As consumer spending continues to grab larger chunks of the notebook computer market, chipmaker Intel is bolstering its behind the scenes role of developing technology to make these products even more appealing.
With notebook sales up 23 percent this year over 2000 and an expected one-third of all notebook sales ending up in consumer homes by 2005, Intel knows keeping its eye on the notebook market is in its best interest. Part of this drive is Intel's continuing effort to push mobile processor speeds higher, but the company is also spending a great deal of research and development dollars on wireless networking and supplemental background technologies. The latter includes power saving technology and software, much of which Intel develops and then hands off to third-party developers to market.
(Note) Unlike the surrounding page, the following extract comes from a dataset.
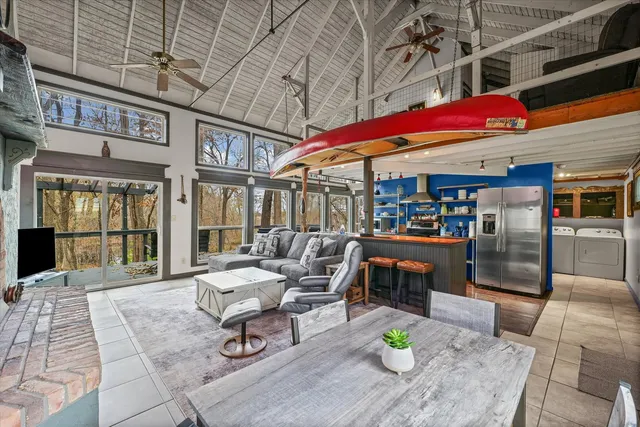 a outdoor space with lots of furniture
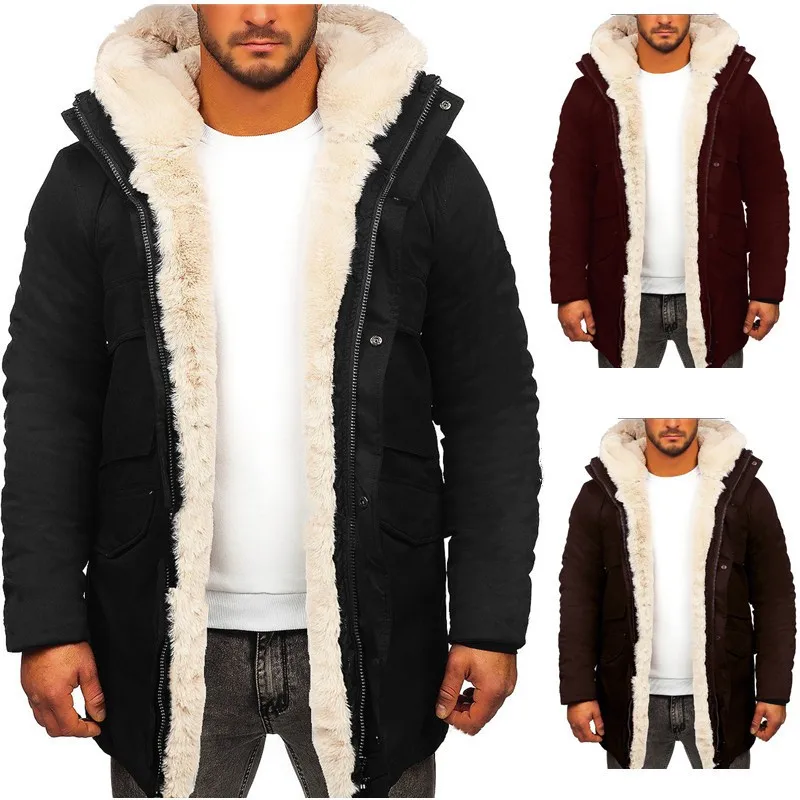

plus Size Men's Fur Jacket Trench Coat Winter Long Fashion Urban Style Standard Fit Zipper Closure Color Windbreaker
Donald McDonald, director of Intel's mobile platform group, said consumers are realizing, in ever larger numbers, that full-featured notebooks can replace their bulky desktop PCs without any loss of performance. (A fact that has driven business purchases of notebook in over the past several years.) Once these people enter the mobile computing world they are likely to stay, but take it to the next step, McDonald said.
"The next notebook purchase they make they will go to a smaller form factor, but want the same performance," he said.
Bob Nitzberg, marketing manager for Pavilion notebooks for Hewlett-Packard, backed up the Intel claim stating that 50 percent of all Pavilion sales now go for consumer, and not business, use.
The method Intel is using to convince these potential second-generation notebook purchasers to stick with a mobile model and not revert to a PC is to make the small, light models as powerful and useful as possible, especially when they are used away from their home environment. This includes building wireless technology such as 802.11b and Bluetooth wireless networking technology. The company is now spending a great deal of effort touting products like its 802.11b PC cards that enable notebooks to instantly access wireless local networks in homes, offices, hotels and airports.
At the same time, Intel is pushing forward on Bluetooth. McDonald said the cost of embedding Bluetooth in portable products has dropped dramatically with the price down to around the $5 mark, which he called an important landmark as this has no impact on the overall price of a product.
McDonald sees these technologies living side by side with 802.11b being used in more established LANs and Bluetooth when notebooks need to communicate with devices like printers or digital cameras. Intel, an original developer of Bluetooth along with Nokia and Ericsson, see it filling many niche requirements that allow a variety of handheld devices to communicate with each other. But Bluetooth will not act as a primary network due to its low data transfer speed.
Each technology solves a particular problem for a notebook owner. Due to high power consumption, reasons it does not pay for the average owner to use a notebook in an 802.11b wireless network while on battery power, McDonald said. Under these conditions a battery would be drained fairly fast as 802.11b draws about 4.5 watts of power when transmitting, compared to the .75 milliwatts drawn by a Bluetooth transmitter.
All of this added value will boost notebook computer popularity.
"We see notebooks following the cell phone market," McDonald said, "with the lighter [the model] the better and we need a wireless infrastructure to be in place to help push sales."